Lungo le tante pagine Herbert è capace di attraversare i registri più diversi con assoluta disinvoltura e mestiere: dal cronista storico a quello contemporaneo, dal racconto quasi d’avventura a quello di matrice western; ancora Juliàn Herbert riesce a cogliere dietro la tragedia della storia qualcosa che va oltre il dato economico, sociale e politico e che spaventa perché guarda dritto nell’abisso dell’uomo fino alle bellissime pagine finali in cui, messa la parola fine al libro, si concede una digressione poetica sulla propria famiglia che assomiglia quasi al bisogno stesso di respirare, a uno sguardo che, posandosi sulla compagna e sul figlio, sembra lasciar trapelare insieme la preoccupazione di una protezione costante che sa di dover mettere in campo e al contempo la sola proiezione di una speranza per un futuro di cambiamento del proprio paese.
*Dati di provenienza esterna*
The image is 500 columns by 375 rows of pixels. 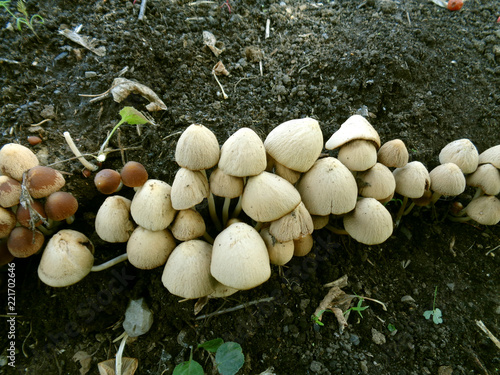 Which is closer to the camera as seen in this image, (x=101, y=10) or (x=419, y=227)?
(x=419, y=227)

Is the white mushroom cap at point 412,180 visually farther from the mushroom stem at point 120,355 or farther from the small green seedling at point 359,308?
the mushroom stem at point 120,355

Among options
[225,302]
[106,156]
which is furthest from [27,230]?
[225,302]

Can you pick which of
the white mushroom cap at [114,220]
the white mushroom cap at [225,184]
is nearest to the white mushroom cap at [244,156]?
the white mushroom cap at [225,184]

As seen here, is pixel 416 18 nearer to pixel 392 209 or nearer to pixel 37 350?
pixel 392 209

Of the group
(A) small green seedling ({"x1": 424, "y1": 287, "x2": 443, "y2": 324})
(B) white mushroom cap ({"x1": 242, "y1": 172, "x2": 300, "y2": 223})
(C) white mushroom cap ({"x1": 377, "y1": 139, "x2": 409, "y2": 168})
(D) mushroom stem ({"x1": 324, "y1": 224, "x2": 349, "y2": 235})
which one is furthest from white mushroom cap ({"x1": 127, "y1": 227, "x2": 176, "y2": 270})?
(A) small green seedling ({"x1": 424, "y1": 287, "x2": 443, "y2": 324})

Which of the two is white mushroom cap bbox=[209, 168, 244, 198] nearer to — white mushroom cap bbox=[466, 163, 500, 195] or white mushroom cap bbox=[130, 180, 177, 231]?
white mushroom cap bbox=[130, 180, 177, 231]

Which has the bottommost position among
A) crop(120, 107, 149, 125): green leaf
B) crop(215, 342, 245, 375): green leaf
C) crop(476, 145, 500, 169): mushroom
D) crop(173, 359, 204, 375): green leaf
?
crop(173, 359, 204, 375): green leaf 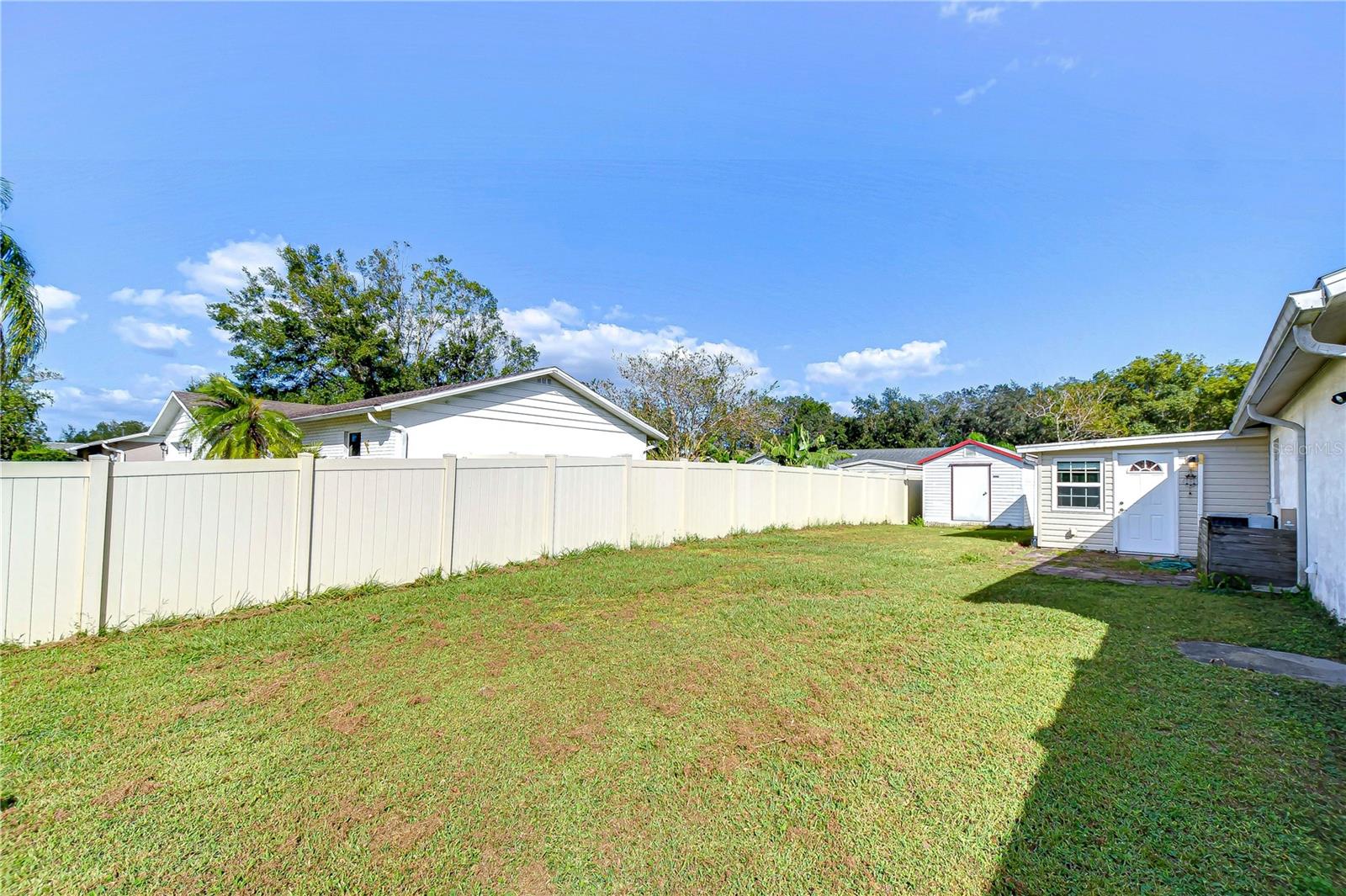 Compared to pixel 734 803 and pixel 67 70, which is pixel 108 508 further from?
pixel 67 70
Tutto è in tutto come pensava Anassagora, come un oceano bruciato in mezzo alla nebbia, come l’incontro tra un’utopia appena nata e un filosofo condannato a morte, come una fossa comune scavata da un inglese accanto al muro perimetrale di un cimitero: come la luce dei disgeli. Questo è un western. Questa è la casa del dolore altrui. Tenendoci per mano, Monica, Leonardo e io quel giorno abbiamo attraversato non una città, non La Laguna, non un piccolo genocidio, non il ponte di Ojuela: il ponte dell’orrore. Messico, lo chiamano.